2019-09-04 16:44 slawekragnar (2078) - Skrzynka została zarchiwizowana
2018-11-11 14:12 Opona Tramwajowa (3486) - Znaleziona
Najbardziej podchwytliwe miejsce ukrycia było puste, a to już niepodobne do Sławka :). Po dłuższych poszukiwaniach mikrus się poddał, za to wełna dokuczała jeszcze przez długi czas. Dzięki
2018-11-11 14:05 gura (6312) - Znaleziona
#2820
Wyprawa niepodległościowa ;)
Najbardziej upierdliwy. Aż musieliśmy się konsultować. No ale był tam gdzie miał być. Opony trochę zwaciały szklanie po tym keszu.

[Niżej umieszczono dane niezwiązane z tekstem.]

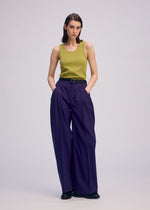 A model wears the ISSEY MIYAKE BELTED WOOL PANTS trousers.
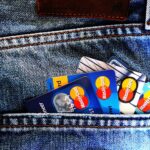 Multiple Mastercard credit and debit cards fanned out in a denim jeans pocket, showing blue and multicolored card designs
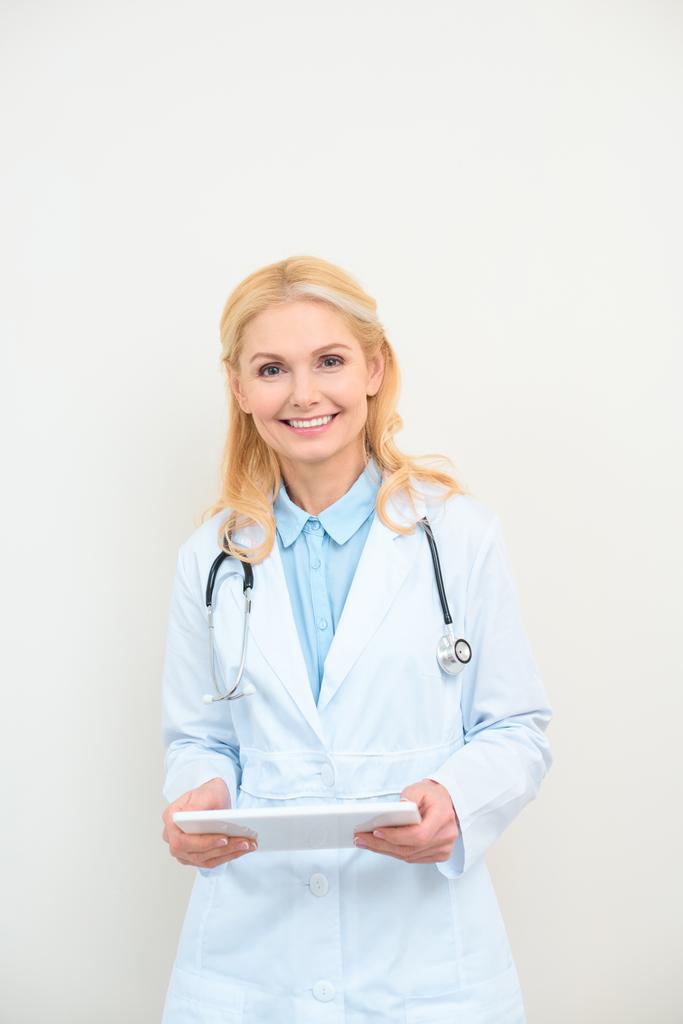 kypsä naislääkäri digitaalisella tabletilla valkoisella
 - Valokuva, kuva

2018-11-11 14:03 Lumen (8571) - Znaleziona
Po tej skrzyneczce moje spodnie i buciory nadawały się jedynie do pralki z podwójnym wirowaniem. Kesz ukrywał się długo, sprytnie schowany!

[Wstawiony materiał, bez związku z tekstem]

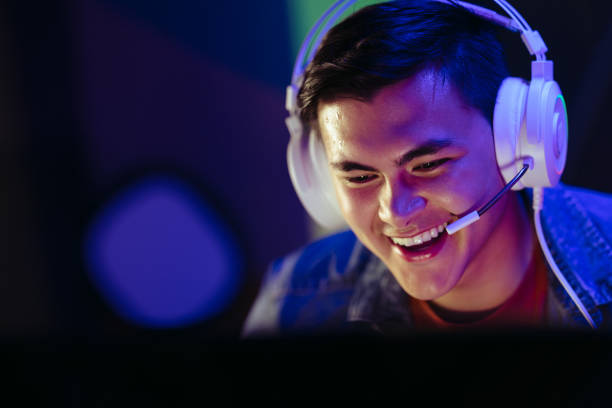 istock Player smiling at his computer screen during an online video gaming session 1633623840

2018-08-18 10:30 Esi4 (2078) - Znaleziona
Jakimś cudem w końcu się udało, choć zwątpienie już przyszło
2018-08-18 10:30 AER (1594) - Znaleziona
Weekendowe keszospacery dorosłej części AERoklubu.
Cztery osoby, dwadzieścia minut, dwa telefony pospojlerowe i nic. Rozstąp się ziemio! diabeł ogonem nakrył! Nimo!

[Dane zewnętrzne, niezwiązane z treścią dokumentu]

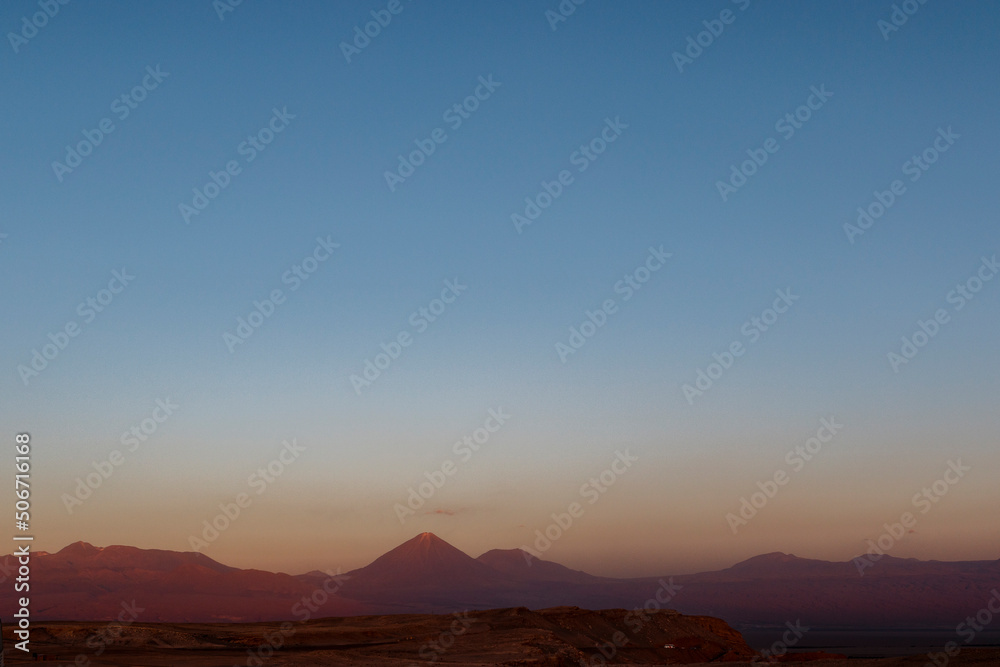 Sunset at the Moon Valley (Valle de la Luna) with the Licancabur volcano, Atacama, Chile, South America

A potem druga wizyta, już ze stuprocentowym spojlerem od Właściciela i znalezione w dziesięć sekund… NA PEWNO tam szukaliśmy!
Geoślepota, nauczka i upokorzenie. Dziękuję bardzo, kubeł zimnej wody co jakiś czas wskazany…
AERoklub
2018-04-18 18:45 slawekragnar (2078) - Komentarz
Proszę przed wejściem przeczytać szyfrowaną podpowiedź, a keszerów o delikatnym naskórku ostrzegam raz jeszcze: to jest skrzynka niebezpieczna :P
2018-04-14 14:04 niemen (2518) - Znaleziona
FTF razem z Weskerem
O dżizys, tego kesza omijajcie szerokim łukiem, szukając utonęliśmy w mgławicy szklanej waty... do wieczora czochraliśmy się i pluliśmy jak dzikie świnie... a miałeś Sławku super dziurę o podobnym wejściu, ale na pewno czyściejszą, 100m na północ od Jasnowłosej. Po raz pierwszy na OC daję dwóję, Sławek - popraw się
2018-04-14 14:02 Wesker (10117) - Znaleziona
FTF z Niemenem. Tu niestety nam się mniej podobało, a to wszystko ze względu na wełnę mineralną, która czuliśmy bardzo długo. Jak się weszło to było spoko, ale po chwili gramolenia się w środku cała wełna zaczęła unosić się w powietrzu. Keszyk bardzo dobrze schowany, przegapiony przez nas przy pierwszych poszukiwaniach. Dzięki.